With another wild groan, the Draugr straightened its back and towered over Maya. The undead was tall. With its height, it scraped the ceiling with its iron helmet. Tangles over tangles of dry and frizzy black hair cascaded down from its helmet and over his shoulders.
Yellow teeth showed under his rotting beard, ridden with carious and other periodontal diseases. Any strong-willed person would have hurled out their breakfast already.
It trudged closer to Maya, cracking the floor underneath its heavy boots. Maya could barely move from the shock. The Draugr lifted its axe.
Maya screamed.
“Groooooaaaaar!”
The Draugr hacked its axe at Maya. She dug her head out of the way. Panic gripped her and the mirror behind her shattered into a thousand pieces.
Thankfully, she wore house shoes. Otherwise, she would have gotten a shard lodged in her foot like she did as a child.
“What are you doing at my home!?” Maya exclaimed in outrage at having her apartment demolished. The Draugr turned its head at Maya. Just its freakish and fouling head.
What Maya didn’t expect next was hearing it talk.
“Where’s. The Armament. Of. Power?” The voice was deep, and strained, almost as if you put wood and glass pearls through the blender. But the voice was far more sinister than any exploding blender could manage.
Backed into a corner of her corridor, Maya had only two ways to run.
First was the kitchen, which meant diving underneath the axe, which was not something she was looking forward to.
And the second option: her bathroom.
“Where?” Rumbled the undead. A rotten tooth fell from its mouth.
Maya chose the latter. She dove inside her bathroom and locked the frosted glass door behind her. She leaned against it for a breather, mentally steadying herself.
Wait a sec. The gears in Maya’s brain turned. I have a glass door… and that thing has a—
Maya jumped out of the way right before the axe could split her head in half. The door shattered, sparkling her and the bathroom with shards. She scrubbed her hand and knee on the floor.
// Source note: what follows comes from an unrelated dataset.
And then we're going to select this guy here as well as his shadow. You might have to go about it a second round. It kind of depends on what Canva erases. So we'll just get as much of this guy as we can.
“Cursed— argh! OH, that hurt!” Maya cried out and bit her lip. “I told my parents replacing the hardwood doors with glass doors was a horrible idea. Doesn’t matter how much natural light it provides.”
Maya had seconds before the Draugr would burst through the door entirely. She hid in the second section of the bathroom and closed the second glass door she had in there—that one, on the other hand, was on her.
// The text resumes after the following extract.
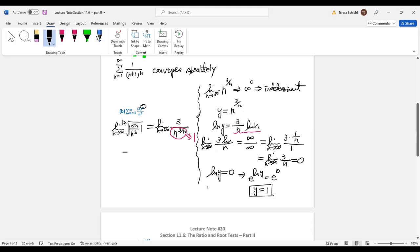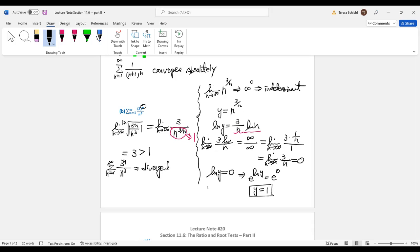So our final answer is 3, and since 3 is greater than 1, this series is divergent.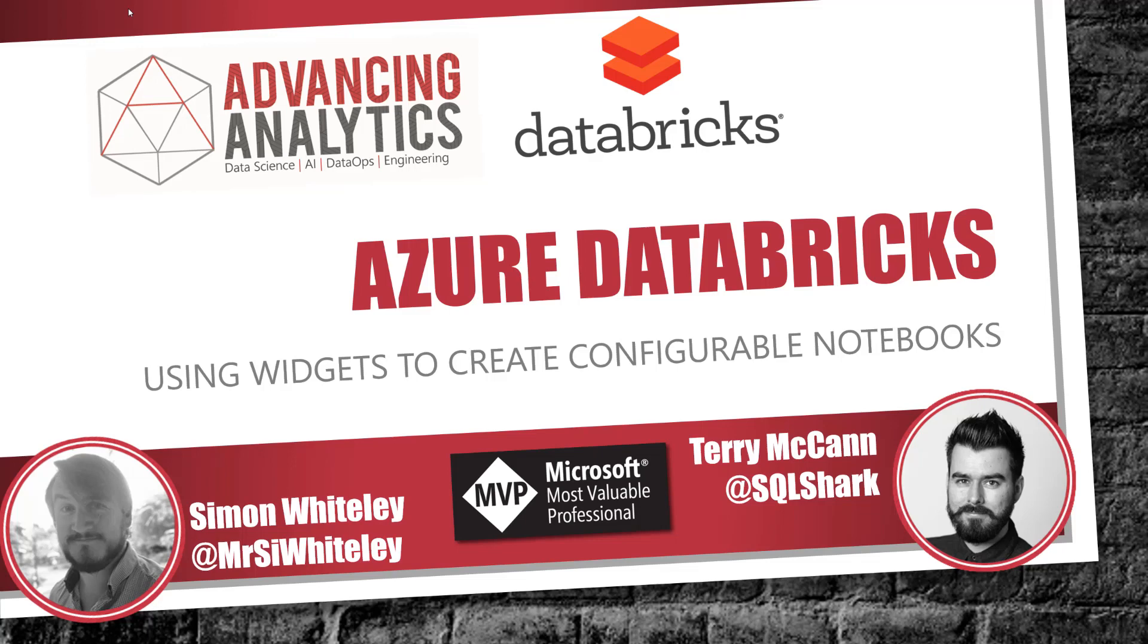Hey everybody, welcome back to another episode of our month of Azure Databricks. Today what we're going to do is look at using widgets inside Azure Databricks notebooks to create more configurable notebooks that you can use for multiple different tasks.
She liked the extra light in her bathroom.
“Think, Maya, think.” Maya tapped her forehead with her fist. “I'm stuck on the second floor with a rotting undead after me! No problem, nooooo.”
Her eyes darted to her window. She looked three stories down. “I could jump out of the window and hope I don’t break my leg… again—”
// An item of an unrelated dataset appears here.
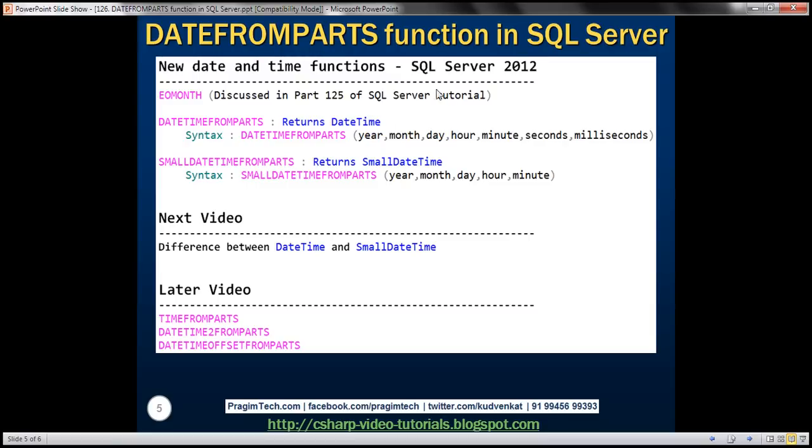And if you look at time parts, what are they? In addition to year, month, and day, the time parts are hour, minute, seconds, and milliseconds. So these are the parameters for DATETIMEFROMPARTS function.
Maya shrieked when she heard more glass shattering. The Draugr was almost through but tried to open the rest with the handle. Thank goodness its brains are as rotten as its body.
Backing away, Maya opened the window. She gulped. “There’s no way I can make it without breaking my leg… I wish Val were here.”
Maya paced around. The Draugr almost figured out how a door works. She then remembered the old, unwashed sheets she put away in the cabin beside her.
Immediately, she raided the cabin and tied the sheets into an impromptu rope, almost dropping it when the Draugr’s startled her with its rumbling.
She clutched onto the rope for dear life as she carefully roped herself down right before the Draugr barrelled through the second door.
Thank you, brother, for dragging me into all our shenanigans. Maya reminisced fondly about the countless times they had snuck out of the house and taught her all the required skills.
Until Maya noticed a tug.
The Draugr was pulling on the rope of bedsheets.
Maya had only two viable options left, again. A) face the Draugr and die, or B) jump and maybe not die.
Neither was great, but Maya was almost down anyway—and she doubtlessly didn’t want to face the Draugr’s noxious breath.
“Not like I’ll break my leg like last time,” she muttered under her breath and let go.